The group generated net cash inflows from operating activities amounting to US$122m and paid dividends of US$120m.The cash and cash equivalents balance as at December 31, 2022 was US$250,8m.Ore mined during the half year increased by 9% to 3,8m tonnes.
This was mainly due to increased production output at Bimha and Mupani mines. Tonnes milled increased by 9%.
During the period under review, 6E production increased by 6% to 300 738 ounces due to the introduction of the third concentrator module during the half year.
Mhembere said the development and upgrade of Mupani Mine (the replacement for Ngwarati, Rukodzi and part of Mupfuti mines) was on schedule.
Mupani Mine targets 3,6m tonnes per annum in August 2028. He said a total of US$225m had been spent on this project as at December 31, 2022 against an approved project budget of US$386m.
The upgrading of Bimha Mine as part replacement of Mupfuti Mine is also progressing well, having achieved nominal production of 3,1m tonnes per annum, he said.
A total of US$51m had been spent on this project in the period under review against an approved project budget of US$82m.
In September last year, the company commissioned a third concentrator plant at Ngezi.The project used a total of US$97m against an approved budget of US$104m.
“The remaining relates to process optimisation and financial close out. The smelter expansion and sulphur dioxide (SO2) abatement continued implementation with on-site construction and offsite manufacturing of equipment,” he said.
The project targets a capacity of 380 000 tonnes of concentrates and an abatement of the SO2 emissions is targeted to be commissioned during the fiscal year 2025.
A total of US$50m had been spent against an approved budget of US$521m.
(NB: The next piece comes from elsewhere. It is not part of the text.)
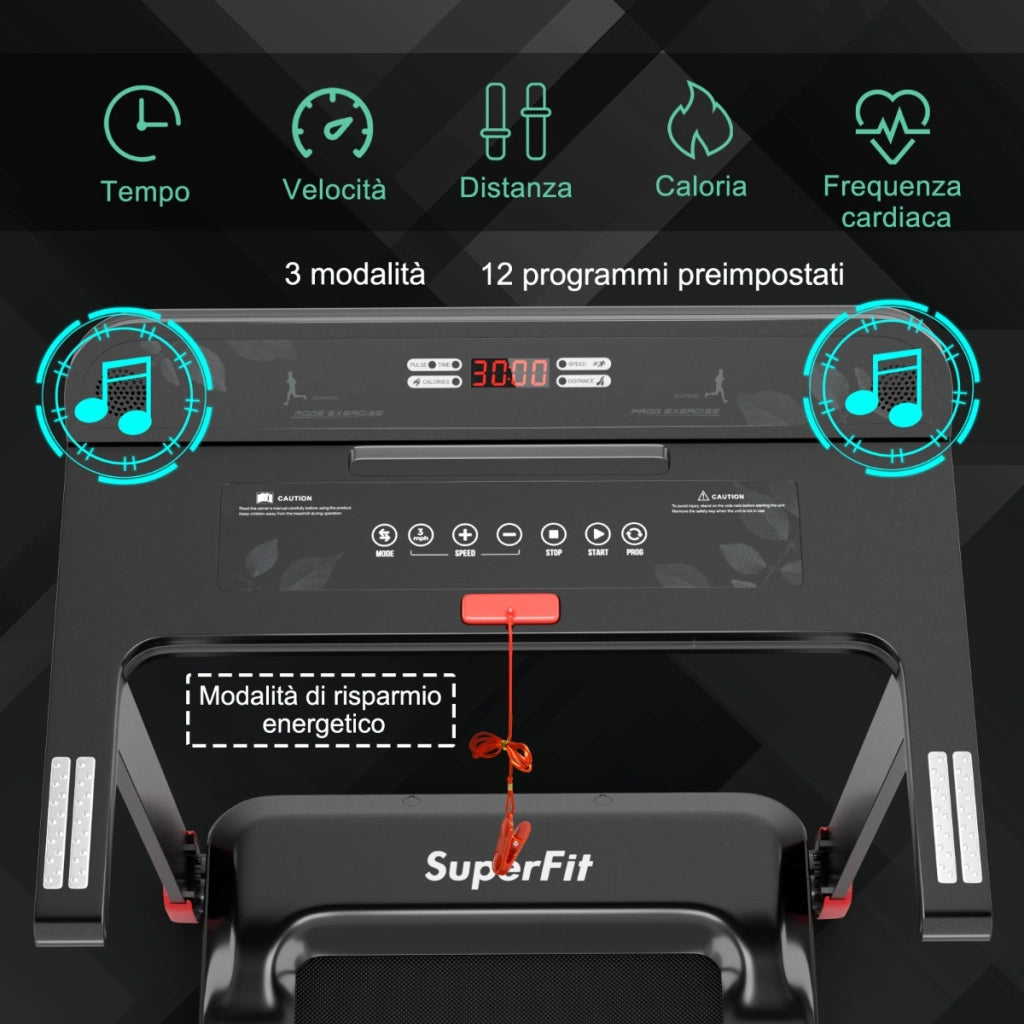 Tapis roulant pieghevole per casa con controllo APP, Tapis roulant compatto con schermo LED Nero e rosso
The refurbishment of the mothballed base metal refinery (BMR) at SMC was approved by the board in November 2022 with an authorised capital budget of US$190m and approved completion date of October 2025.The BMR targets a capacity of 5 200 tonnes of nickel equivalent to current production volumes.
Mhembere said the solar PV plant Phase 1A would achieve commercial operation in October 2023, adding that the project would cost about US$37m.